Some weeks ago, Nimble Storage published on its blog an article titled It’s Time To Get Aggressive About Data Protection. the post is a nice summary and analysis of a research they conducted on their customers. The topic, as you can understand from the title, is Data Protection. They interviewed 1600 of their customers with different sizes, from small to medium to large enterprises; and the results were pretty interesting. If I’d have to summarize in a phrase: a need for Next-Gen Data Protection is arising.

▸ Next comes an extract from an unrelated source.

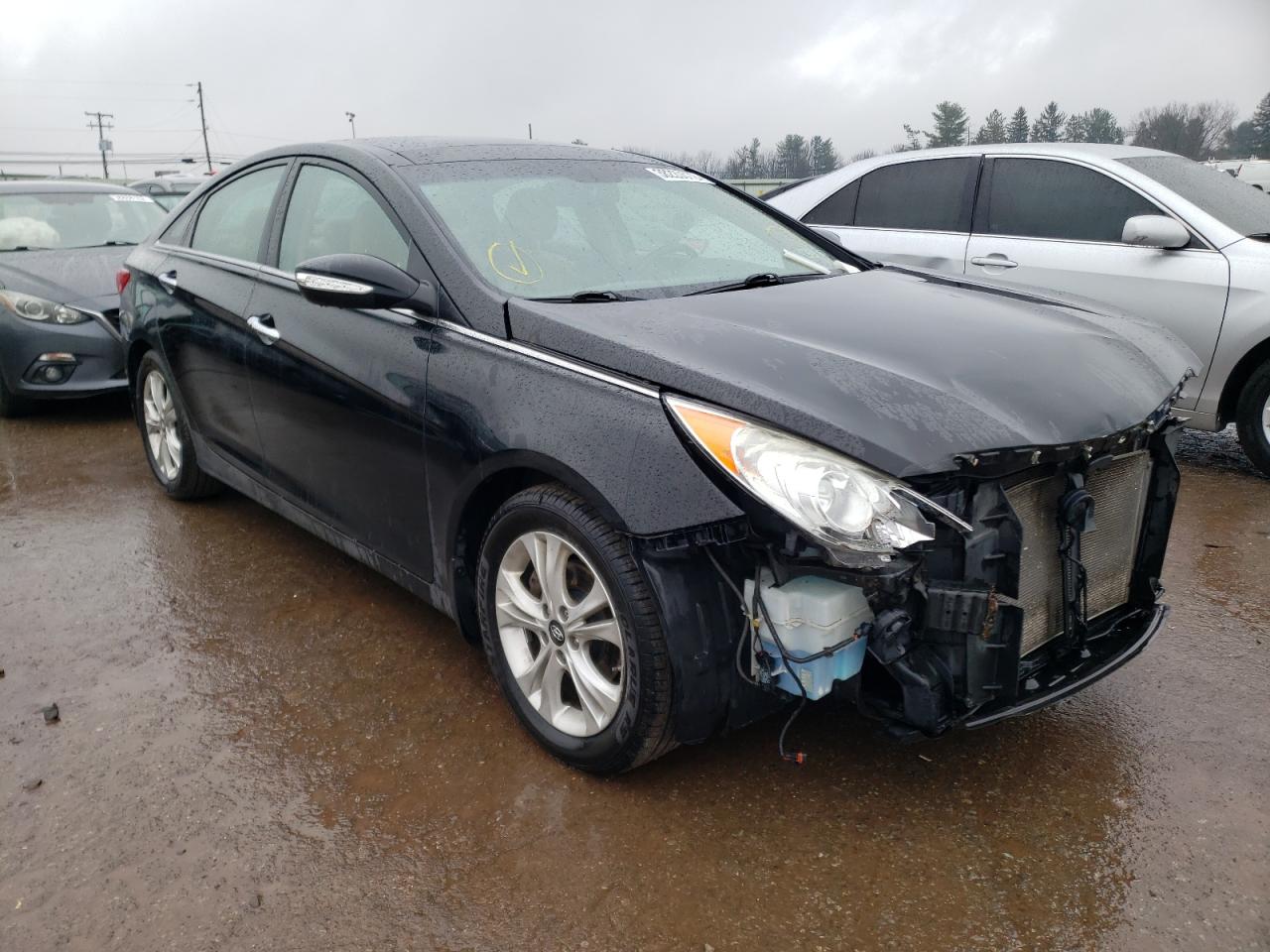 HYUNDAI SONATA SE 2013 with VIN 5NPEC4AC2DH695345 - Photo from auction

Increasingly demanding environments
The first outcome of the survey is really clear, and is a sound request for all the players in IT: customers are facing more and more demanding requests from their stakeholders, and this in returns is forcing IT vendors to introduce different and more effective ways to guarantee the “always-on” business. In Data Protection, the two dogma when it comes to service levels are RPO and RTO, and you can translate them in simple language as: “we need to save data as fast as we can and as frequently as possible, and in case we need to restore them quickly, really quickly”.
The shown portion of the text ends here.